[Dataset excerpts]
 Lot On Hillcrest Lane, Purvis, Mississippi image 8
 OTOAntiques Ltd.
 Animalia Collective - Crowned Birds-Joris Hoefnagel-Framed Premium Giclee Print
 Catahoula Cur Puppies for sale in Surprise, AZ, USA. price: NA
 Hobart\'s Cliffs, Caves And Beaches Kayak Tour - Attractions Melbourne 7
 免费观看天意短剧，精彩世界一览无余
--
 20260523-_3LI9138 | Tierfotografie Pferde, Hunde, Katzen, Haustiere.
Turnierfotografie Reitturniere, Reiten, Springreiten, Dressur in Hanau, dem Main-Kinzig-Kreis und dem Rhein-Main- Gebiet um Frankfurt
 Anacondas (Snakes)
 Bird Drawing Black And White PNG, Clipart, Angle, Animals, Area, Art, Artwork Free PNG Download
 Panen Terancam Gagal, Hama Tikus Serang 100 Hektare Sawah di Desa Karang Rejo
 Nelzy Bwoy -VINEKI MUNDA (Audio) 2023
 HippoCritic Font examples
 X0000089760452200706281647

● **EXERCISE REQUIREMENTS**: Set down only the lines above that fall between the line holding "Turnierfotografie Reitturniere, Reiten, Springreiten, Dressur" and the line holding "HippoCritic Font examples", inclusive, keeping each exact.

● **SOLUTION TO THE PROBLEM**:
Turnierfotografie Reitturniere, Reiten, Springreiten, Dressur in Hanau, dem Main-Kinzig-Kreis und dem Rhein-Main- Gebiet um Frankfurt
 Anacondas (Snakes)
 Bird Drawing Black And White PNG, Clipart, Angle, Animals, Area, Art, Artwork Free PNG Download
 Panen Terancam Gagal, Hama Tikus Serang 100 Hektare Sawah di Desa Karang Rejo
 Nelzy Bwoy -VINEKI MUNDA (Audio) 2023
 HippoCritic Font examples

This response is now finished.